[Dataset Boundary: Start]

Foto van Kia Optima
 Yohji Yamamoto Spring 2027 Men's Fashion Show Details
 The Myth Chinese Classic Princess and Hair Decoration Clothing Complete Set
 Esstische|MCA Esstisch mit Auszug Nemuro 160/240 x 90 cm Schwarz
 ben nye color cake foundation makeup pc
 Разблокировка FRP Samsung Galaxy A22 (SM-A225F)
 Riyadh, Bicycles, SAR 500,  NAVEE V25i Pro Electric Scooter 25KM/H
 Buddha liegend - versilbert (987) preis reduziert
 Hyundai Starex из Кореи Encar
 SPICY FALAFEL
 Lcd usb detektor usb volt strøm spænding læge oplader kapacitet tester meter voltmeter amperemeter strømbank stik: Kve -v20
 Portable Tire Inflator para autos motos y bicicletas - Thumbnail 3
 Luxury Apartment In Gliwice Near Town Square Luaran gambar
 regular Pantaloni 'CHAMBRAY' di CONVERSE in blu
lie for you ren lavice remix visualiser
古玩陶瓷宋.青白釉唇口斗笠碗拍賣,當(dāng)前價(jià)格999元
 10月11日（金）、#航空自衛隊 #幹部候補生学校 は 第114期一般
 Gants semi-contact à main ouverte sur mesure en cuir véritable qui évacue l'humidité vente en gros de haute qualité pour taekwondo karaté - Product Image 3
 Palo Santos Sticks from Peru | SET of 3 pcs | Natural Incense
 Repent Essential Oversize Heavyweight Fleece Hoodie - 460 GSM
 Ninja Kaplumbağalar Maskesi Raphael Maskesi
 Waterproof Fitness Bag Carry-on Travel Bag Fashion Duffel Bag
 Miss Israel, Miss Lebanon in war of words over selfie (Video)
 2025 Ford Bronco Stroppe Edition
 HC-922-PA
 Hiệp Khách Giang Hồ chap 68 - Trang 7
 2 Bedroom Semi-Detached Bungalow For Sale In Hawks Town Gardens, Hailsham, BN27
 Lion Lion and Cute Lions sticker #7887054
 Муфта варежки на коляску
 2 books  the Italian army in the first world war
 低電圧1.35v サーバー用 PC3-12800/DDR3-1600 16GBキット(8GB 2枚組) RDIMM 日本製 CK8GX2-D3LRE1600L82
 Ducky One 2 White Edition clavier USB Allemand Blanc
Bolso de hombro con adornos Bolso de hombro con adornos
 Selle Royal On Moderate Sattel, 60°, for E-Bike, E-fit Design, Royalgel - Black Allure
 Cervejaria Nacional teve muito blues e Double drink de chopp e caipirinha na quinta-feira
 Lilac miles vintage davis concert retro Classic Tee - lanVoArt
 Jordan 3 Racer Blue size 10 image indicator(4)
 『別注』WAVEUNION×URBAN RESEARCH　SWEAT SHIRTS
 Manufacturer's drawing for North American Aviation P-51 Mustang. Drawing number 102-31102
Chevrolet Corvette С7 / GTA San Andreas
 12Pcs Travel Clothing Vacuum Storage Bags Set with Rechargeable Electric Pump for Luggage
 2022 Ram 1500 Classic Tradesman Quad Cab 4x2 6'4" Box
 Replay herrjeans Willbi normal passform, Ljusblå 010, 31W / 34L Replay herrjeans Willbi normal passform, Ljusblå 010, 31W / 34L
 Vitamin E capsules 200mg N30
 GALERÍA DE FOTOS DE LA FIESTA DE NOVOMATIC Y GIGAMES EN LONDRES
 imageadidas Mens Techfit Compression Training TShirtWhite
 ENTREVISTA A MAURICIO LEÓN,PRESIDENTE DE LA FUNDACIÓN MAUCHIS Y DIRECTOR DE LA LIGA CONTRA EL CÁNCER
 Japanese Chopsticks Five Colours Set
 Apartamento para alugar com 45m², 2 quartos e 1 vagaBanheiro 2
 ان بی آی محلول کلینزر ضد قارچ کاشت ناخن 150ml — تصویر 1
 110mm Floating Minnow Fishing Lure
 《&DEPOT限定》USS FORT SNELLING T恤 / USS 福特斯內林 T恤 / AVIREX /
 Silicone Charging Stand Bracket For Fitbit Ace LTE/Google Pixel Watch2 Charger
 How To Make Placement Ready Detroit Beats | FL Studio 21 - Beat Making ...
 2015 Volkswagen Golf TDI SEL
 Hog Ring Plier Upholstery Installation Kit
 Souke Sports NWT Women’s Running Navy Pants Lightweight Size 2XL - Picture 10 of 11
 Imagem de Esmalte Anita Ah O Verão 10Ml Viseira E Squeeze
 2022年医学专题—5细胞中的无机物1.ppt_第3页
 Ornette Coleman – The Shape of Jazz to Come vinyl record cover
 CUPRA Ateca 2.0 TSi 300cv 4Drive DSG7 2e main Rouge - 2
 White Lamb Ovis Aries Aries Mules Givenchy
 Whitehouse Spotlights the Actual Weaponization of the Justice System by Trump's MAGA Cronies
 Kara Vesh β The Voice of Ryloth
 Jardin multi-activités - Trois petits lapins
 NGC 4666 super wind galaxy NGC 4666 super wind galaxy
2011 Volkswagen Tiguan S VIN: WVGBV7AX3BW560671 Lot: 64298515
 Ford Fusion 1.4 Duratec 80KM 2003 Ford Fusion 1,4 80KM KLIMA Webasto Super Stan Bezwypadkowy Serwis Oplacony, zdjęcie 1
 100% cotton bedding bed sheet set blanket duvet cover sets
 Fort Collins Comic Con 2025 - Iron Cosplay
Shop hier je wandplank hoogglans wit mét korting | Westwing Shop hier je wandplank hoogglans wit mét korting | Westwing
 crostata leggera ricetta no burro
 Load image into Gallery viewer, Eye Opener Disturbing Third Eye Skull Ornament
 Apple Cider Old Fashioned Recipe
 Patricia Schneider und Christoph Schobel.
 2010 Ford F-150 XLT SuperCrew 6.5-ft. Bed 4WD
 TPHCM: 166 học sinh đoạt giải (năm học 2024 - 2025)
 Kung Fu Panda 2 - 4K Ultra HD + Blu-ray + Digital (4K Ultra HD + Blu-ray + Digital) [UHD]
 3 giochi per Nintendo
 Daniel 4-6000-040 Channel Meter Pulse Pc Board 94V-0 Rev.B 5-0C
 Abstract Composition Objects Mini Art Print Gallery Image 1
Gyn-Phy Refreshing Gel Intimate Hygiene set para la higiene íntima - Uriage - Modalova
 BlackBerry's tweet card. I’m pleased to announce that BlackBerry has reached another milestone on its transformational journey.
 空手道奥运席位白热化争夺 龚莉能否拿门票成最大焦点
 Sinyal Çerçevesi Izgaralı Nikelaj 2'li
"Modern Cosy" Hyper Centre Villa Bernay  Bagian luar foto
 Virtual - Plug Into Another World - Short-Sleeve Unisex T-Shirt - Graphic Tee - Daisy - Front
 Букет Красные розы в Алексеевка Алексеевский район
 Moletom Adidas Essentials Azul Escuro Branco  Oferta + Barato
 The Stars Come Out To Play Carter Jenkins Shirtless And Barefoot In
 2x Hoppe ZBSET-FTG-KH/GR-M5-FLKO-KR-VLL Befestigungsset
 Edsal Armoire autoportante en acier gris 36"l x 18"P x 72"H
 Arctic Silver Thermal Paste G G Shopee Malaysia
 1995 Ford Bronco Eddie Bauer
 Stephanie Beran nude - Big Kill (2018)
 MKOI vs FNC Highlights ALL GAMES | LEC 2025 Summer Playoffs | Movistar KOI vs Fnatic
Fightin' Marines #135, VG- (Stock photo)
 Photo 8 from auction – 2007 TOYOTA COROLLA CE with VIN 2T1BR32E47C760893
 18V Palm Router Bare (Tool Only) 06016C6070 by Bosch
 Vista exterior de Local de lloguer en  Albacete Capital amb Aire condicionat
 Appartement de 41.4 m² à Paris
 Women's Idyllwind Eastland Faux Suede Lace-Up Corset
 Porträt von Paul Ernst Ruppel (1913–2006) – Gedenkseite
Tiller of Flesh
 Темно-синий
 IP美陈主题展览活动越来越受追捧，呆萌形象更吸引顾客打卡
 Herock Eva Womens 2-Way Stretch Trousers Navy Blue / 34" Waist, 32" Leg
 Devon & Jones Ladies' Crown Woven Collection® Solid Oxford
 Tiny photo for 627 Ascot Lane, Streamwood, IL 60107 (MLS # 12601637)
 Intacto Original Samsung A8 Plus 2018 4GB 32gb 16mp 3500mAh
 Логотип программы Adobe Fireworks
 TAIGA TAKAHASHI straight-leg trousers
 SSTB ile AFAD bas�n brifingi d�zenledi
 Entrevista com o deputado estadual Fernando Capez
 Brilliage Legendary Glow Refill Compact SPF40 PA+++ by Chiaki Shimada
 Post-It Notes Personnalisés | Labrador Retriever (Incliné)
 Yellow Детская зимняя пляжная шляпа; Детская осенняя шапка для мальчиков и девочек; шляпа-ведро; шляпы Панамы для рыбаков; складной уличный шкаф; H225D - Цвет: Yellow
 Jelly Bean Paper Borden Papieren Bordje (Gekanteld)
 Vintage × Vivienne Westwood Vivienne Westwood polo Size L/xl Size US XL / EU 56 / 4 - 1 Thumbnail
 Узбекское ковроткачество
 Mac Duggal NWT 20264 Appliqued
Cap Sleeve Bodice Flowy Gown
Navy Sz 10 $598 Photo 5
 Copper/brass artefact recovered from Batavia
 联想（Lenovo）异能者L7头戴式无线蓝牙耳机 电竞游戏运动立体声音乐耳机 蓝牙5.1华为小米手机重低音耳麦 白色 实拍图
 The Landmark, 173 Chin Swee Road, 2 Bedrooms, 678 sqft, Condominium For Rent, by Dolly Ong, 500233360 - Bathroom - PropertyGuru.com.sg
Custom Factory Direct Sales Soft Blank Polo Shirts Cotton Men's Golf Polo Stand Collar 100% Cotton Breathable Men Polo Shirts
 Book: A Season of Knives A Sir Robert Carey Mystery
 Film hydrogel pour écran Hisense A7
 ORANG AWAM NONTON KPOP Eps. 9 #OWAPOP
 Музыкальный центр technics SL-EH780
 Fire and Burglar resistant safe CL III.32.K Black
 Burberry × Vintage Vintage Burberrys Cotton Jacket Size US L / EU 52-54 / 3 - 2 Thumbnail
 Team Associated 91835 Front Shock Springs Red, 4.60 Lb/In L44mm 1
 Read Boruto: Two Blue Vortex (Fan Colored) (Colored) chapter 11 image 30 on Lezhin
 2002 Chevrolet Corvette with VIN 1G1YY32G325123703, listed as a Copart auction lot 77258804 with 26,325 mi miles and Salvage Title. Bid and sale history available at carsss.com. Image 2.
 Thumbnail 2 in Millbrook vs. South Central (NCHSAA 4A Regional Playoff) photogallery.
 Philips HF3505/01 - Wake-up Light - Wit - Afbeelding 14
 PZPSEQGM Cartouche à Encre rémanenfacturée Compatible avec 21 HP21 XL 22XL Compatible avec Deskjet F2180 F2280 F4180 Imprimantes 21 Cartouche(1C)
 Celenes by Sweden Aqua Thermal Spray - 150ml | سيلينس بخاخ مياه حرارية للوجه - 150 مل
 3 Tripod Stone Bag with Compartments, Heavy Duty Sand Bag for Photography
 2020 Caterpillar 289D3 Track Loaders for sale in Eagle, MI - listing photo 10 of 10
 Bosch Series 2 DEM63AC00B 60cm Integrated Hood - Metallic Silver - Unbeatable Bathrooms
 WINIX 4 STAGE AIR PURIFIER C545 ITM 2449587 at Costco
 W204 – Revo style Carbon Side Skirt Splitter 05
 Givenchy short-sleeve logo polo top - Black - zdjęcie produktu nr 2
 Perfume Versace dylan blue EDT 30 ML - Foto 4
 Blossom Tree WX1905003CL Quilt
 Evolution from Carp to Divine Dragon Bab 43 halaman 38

[Dataset Boundary: End]

== Task prompt ==
Above are the records; copy exactly the lines from the line with "2x Hoppe ZBSET-FTG-KH/GR-M5-FLKO-KR-VLL" through the line with "IP美陈主题展览活动越来越受追捧，呆萌形象更吸引顾客打卡", both included.

== Expected answer ==
 2x Hoppe ZBSET-FTG-KH/GR-M5-FLKO-KR-VLL Befestigungsset
 Edsal Armoire autoportante en acier gris 36"l x 18"P x 72"H
 Arctic Silver Thermal Paste G G Shopee Malaysia
 1995 Ford Bronco Eddie Bauer
 Stephanie Beran nude - Big Kill (2018)
 MKOI vs FNC Highlights ALL GAMES | LEC 2025 Summer Playoffs | Movistar KOI vs Fnatic
Fightin' Marines #135, VG- (Stock photo)
 Photo 8 from auction – 2007 TOYOTA COROLLA CE with VIN 2T1BR32E47C760893
 18V Palm Router Bare (Tool Only) 06016C6070 by Bosch
 Vista exterior de Local de lloguer en  Albacete Capital amb Aire condicionat
 Appartement de 41.4 m² à Paris
 Women's Idyllwind Eastland Faux Suede Lace-Up Corset
 Porträt von Paul Ernst Ruppel (1913–2006) – Gedenkseite
Tiller of Flesh
 Темно-синий
 IP美陈主题展览活动越来越受追捧，呆萌形象更吸引顾客打卡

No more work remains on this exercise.